The Taylor Series expansion for \(f\left( x \right) =\frac { 1 }{ (1-x) }\) is \(1+x+{ x }^{ 2 }+{ x }^{ 3 }+{ x }^{ 4 }+...\).

The formula for \(f\left( x \right) =\frac { 1 }{ (1-x) }\) is \(\sum _{ n=0 }^{ \infty }{ x }^{ n }\)

f(x) = e ^ x

\(f\left( x \right) = { e }^{ x }\)

f(0) = 1

\(f'(x) = { e }^{ x }\)

f’(0) = 1

\(f''(x) = { e }^{ x }\)

f’’(0) = 1

\(f'''(x) = { e }^{ x }\)

f’’’(0) = 1

The derivative of \({ e }^{ x }\) is always \({ e }^{ x }\). That means we always get 1 when we set the derivative equal to 0.

Plug the results into \(\sum _{ n=0 }^{ \infty }{ \frac { { f }^{ (n) }(0) }{ n! } } { x }^{ n }\)
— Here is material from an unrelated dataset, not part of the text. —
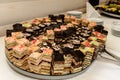 Luxury rich delicious cakes on wedding table at the reception,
\(\sum _{ n=0 }^{ \infty }{ \frac { { f }^{ (n) }(0) }{ n! } } { x }^{ n }\) =

\({ \frac { { f }^{ (0) }(0) }{ 0! } } { x }^{ 0 }+{ \frac { { f }^{ (1) }(0) }{ 1! } } { x }^{ 1 }+{ \frac { { f }^{ (2) }(0) }{ 2! } } { x }^{ 2 }+{ \frac { { f }^{ (3) }(0) }{ 3! } } { x }^{ 3 }+...\) =

\({ \frac { { f }^{ (0) }(0) }{ 0! } } { x }^{ 0 }+{ \frac { { f }^{ (1) }(0) }{ 1! } } { x }^{ 1 }+{ \frac { { f }^{ (2) }(0) }{ 2! } } { x }^{ 2 }+{ \frac { { f }^{ (3) }(0) }{ 3! } } { x }^{ 3 }+...\) =

\({ \frac { 1 }{ 0! } } { x }^{ 0 }+{ \frac { 1 }{ 1! } } { x }^{ 1 }+{ \frac { 1 }{ 2! } } { x }^{ 2 }+{ \frac { 1 }{ 3! } } { x }^{ 3 }+...\) =

\(1+x+{ \frac { 1 }{ 2! } } { x }^{ 2 }+{ \frac { 1 }{ 3! } } { x }^{ 3 }+...\)
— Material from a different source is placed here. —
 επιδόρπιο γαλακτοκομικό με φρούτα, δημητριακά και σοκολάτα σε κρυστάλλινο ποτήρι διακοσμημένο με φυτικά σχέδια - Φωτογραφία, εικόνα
The Taylor Series expansion for \(f\left( x \right) ={ e }^{ x }\) is \(1+x+{ \frac { 1 }{ 2! } } { x }^{ 2 }+{ \frac { 1 }{ 3! } } { x }^{ 3 }+...\)
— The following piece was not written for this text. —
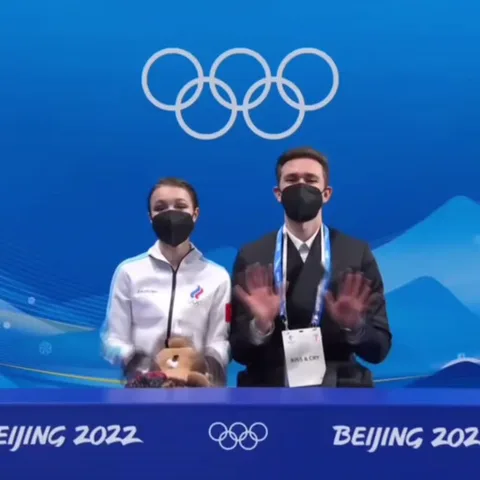 Люди в масках аплодируют на фоне логотипа зимних Олимпийских игр.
The formula for \(f\left( x \right) ={ e }^{ x }\) is \(\sum _{ n=0 }^{ \infty }{ \frac { 1 }{ n! } } { x }^{ n }\)

f(x) = ln(1 + x)

\(f\left( x \right)=ln(1+x)\)

f(0) = 0

\(f'(x) = \frac { 1 }{ (1+x) }\)

f’(0) = 1

\(f''(x) = -\frac { 1 }{ { (1+x) }^{ 2 } }\)

f’’(0) = -1

\(f'''(x) = \frac { 2 }{ { (1+x) }^{ 3 } }\)

f’’’(0) = 2

\(f''''(x) = -\frac { 6 }{ { (1+x) }^{ 4 } }\)

f’’’’(0) = -6

\(f'''''(x) = \frac { 24 }{ { (1+x) }^{ 5 } }\)

f’’’’’(0) = 24

We can see that from the second derivative onward, we get n - 1 factorial with alternating signs starting with a negative sign.

Plug the results into \(\sum _{ n=0 }^{ \infty }{ \frac { { f }^{ (n) }(0) }{ n! } } { x }^{ n }\)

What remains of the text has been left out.